Pussy Riot: OF PUTIN AND PUNKS

 

Pussy Riot: Dissent on Trial in Russia

In February, four members of a feminist Russian punk-rock band named "Pussy Riot," protesting against President Vladimir Putin's government, walked into the Russian Orthodox Cathedral of Christ the Savior in Moscow. They wore bright-colored balaclavas and performed a provocative song called "Punk Prayer," with lyrics that called on the Virgin Mary to drive Putin away, and condemned the close relationship of the church and the Russian government. Shortly after, three of the women were arrested and detained for months as a 2,800-page indictment was compiled, accusing them of criminal hooliganism and religious hatred.

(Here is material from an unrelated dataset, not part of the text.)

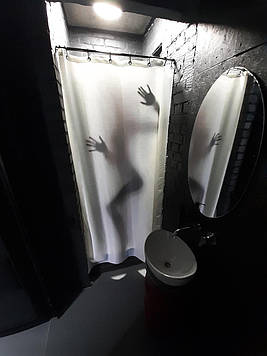 Фото Шторка для ванної "Дівчина ню" - ціна вказана за 1 м.кв. Читаємо опис!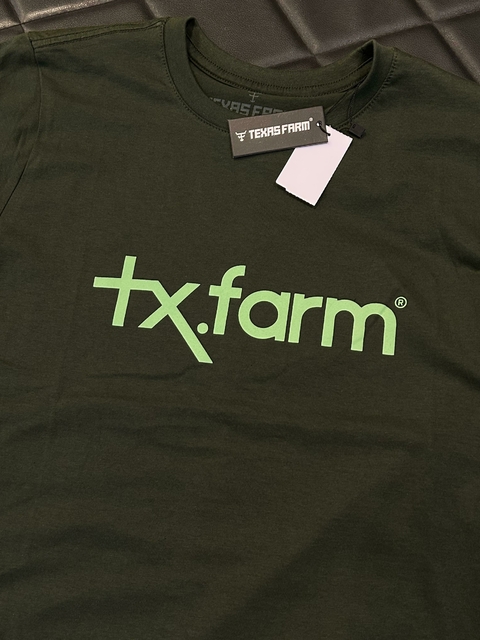 Camiseta Masculina Texas Farm Verde Militar CM258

On Friday, the three were convicted and sentenced to two years imprisonment, after a trial widely condemned by outside observers as an attack on free speech. Gathered here are several images from the trial and the reactions of Pussy Riot supporters around the world.

 

 

Nadezhda Tolokonnikova, a member of the female punk band Pussy Riot, raises a fist before a court hearing in Moscow, Russia, on August 8, 2012. On Friday, August 17, Tolokonnikova and two other members of the band were convicted of criminal hooliganism and acts of religious hatred for staging a "punk prayer" against Vladimir Putin in a Moscow cathedral last February. (Natalia Kolesnikova/AFP/Getty Images)

Western coverage has reduced these Russian dissidents to more familiar narratives of youthful rebellion or damsels in distress, missing their entire point and adopting Moscow's own language.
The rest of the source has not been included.